A natural water feature is a great addition to a garden - adding an extra element as well as beautiful sounds, light play and aesthetic qualities - but also, maybe most significantly, it allows an ecosystem of plants and wildlife to flourish and find its own balance. Natural water features can be man-made, but they use ecosystem functions rather than filters and chemicals to maintain water quality, appearance and create habitats for desirable inhabitants. Without great expense you can add sounds of flowing water and still water reflections while benefiting the overall health of the garden and surrounding natural areas.
It is human nature to have an affinity for water. The appeal of water has been ingrained through a history of reliance upon it and living alongside it. Now its attraction goes beyond any specific purpose, people are simply drawn to it and enjoy its presence.
Garden water features are relatively uncommon in New Zealand gardens, where they are often embraced in the English or Japanese tradition. Aotearoa has its own characteristic and iconic wetland flora and fauna which is adapted to our mild climate, where they create balanced and diverse systems. Prior to human interference our landscapes were interlaced with a mosaic of wetlands, small lakes and springs. These ecosystems existing at the boundaries between land & water were highly productive.
Natural water features are a fitting component of an environmentally beneficial New Zealand garden, sitting seamlessly in a landscape of both native and exotic plantings. Reincorporating living freshwater habitats within our cities is appropriate in recognition of our rich ecological history and the importance of these ecosystems to our natural heritage. A huge range of native species would be able to return with the addition of even a small pond or pool of water and many more will benefit from its presence in some way.
Gardens can have significant ecological effects, both localised within developed areas and more widely to surrounding natural areas. Gardens bring diversity of flora, posterity for rare native plants and provide welcome habitats for many kinds of lifeforms.
A common misconception about water in the garden is that complex, expensive filtration or chemical treatments are required to keep away mosquito larvae and keep water clear. These products don’t exist in nature and they are not required in a garden pond, either. When allowed to, natural processes can create a healthy, flourishing ecosystem even at a very small scale. Through these processes algae is moderated, firstly by competition with plants for nutrients and light and then reduced further by grazers, pests like mosquitoes are eliminated by beneficial predators, ample oxygen is produced by plants and organic waste is processed and recycled by a range of small invertebrates and microorganisms.
The foundation of a healthy waterway - just as in any landscape - is the plants.

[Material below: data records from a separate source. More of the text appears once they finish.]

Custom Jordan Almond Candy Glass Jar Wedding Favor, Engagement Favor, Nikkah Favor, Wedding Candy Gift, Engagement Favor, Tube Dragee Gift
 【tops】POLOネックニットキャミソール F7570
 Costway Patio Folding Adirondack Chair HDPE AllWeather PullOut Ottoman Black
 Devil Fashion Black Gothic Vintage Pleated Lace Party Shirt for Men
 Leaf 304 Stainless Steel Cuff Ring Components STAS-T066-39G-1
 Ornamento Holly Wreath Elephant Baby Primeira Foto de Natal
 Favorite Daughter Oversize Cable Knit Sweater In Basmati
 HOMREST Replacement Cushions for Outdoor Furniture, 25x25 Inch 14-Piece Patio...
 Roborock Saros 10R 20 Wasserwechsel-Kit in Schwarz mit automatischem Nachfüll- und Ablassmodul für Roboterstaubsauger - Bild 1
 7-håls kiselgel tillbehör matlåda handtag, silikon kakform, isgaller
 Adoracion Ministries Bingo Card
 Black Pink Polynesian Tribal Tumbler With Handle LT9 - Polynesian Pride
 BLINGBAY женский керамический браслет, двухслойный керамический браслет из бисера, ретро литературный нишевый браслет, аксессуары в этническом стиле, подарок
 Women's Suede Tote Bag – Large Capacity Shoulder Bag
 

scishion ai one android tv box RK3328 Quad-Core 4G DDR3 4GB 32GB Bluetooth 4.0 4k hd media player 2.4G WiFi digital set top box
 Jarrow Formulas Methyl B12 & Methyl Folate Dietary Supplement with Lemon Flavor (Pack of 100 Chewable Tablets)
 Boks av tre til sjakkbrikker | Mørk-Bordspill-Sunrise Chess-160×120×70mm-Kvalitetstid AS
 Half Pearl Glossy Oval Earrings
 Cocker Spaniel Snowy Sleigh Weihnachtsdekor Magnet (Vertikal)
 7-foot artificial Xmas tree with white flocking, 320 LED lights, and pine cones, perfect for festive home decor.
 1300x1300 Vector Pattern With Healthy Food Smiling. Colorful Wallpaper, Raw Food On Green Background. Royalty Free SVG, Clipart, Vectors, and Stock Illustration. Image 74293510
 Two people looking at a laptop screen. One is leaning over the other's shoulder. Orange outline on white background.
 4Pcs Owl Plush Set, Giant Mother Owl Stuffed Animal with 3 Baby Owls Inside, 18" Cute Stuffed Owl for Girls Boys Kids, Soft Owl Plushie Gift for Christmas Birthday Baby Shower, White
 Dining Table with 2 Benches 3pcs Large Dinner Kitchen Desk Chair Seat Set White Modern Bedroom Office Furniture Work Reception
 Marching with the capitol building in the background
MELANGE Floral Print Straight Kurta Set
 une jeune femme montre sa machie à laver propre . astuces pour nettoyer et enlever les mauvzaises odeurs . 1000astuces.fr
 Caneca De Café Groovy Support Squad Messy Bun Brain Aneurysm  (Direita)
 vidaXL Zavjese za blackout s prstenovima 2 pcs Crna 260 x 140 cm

Plants perform the crucial roles of shading the water, absorbing nutrients, consolidating bottom sediments and creating diverse and complex habitat. Deep, clear open pools are lovely to look at, but they are not possible to achieve in the garden, just as they only exist in certain environments in the wild. Our home water features should aim to be like lowland ponds and shallow lakes which are highly productive and have ideal conditions for growth.
Growth of plants is preferable to algae, an excess of which not only discolours water but can harm aquatic life. When algae can bloom unrestrained by shading, grazing or nutrient limitation, the whole system can crash. Thick green water can become depleted of oxygen, killing animals and blocking light to aquatic plants which further reduces oxygen and releases nutrients and sediment. This negative spiral we have unfortunately seen repeated in many lakes around the country, with an excess of nutrients from farmland being a major contributing factor.
There is plenty of choice of what to plant in the water and around its edges, although what is important is that there are some included from each of the categories: marginal, emergent, floating, submerged and low turf. Some taller plants around the edges on the outside should be included and natives which like to grow alongside water are ideal. This includes flaxes, Manuka, Toetoe, Tī kouka and larger wetland trees such as Kahikatea. Marginal plants on the waters edge and in the shallows can be various rushes, sedges or reeds and all provide rich habitat above and below the water.
Of the aquatic plants there are some with floating leaves such as the native Potamogeton cheesemanii. The native milfoils provide huge surface area and habitat for small beneficial invertebrates. These plants grow from deeply submerged to just above the surface and have a distinctive dimorphism between their submerged and emergent leaves. Charophytes are a soft stemmed low growing type of algae which can form a low turf near the bottom. A number of native plants form an attractive turf and beneficial ground cover. All of these plants not only look great but contribute to the healthy functioning of the aquatic and nearby terrestrial ecosystem.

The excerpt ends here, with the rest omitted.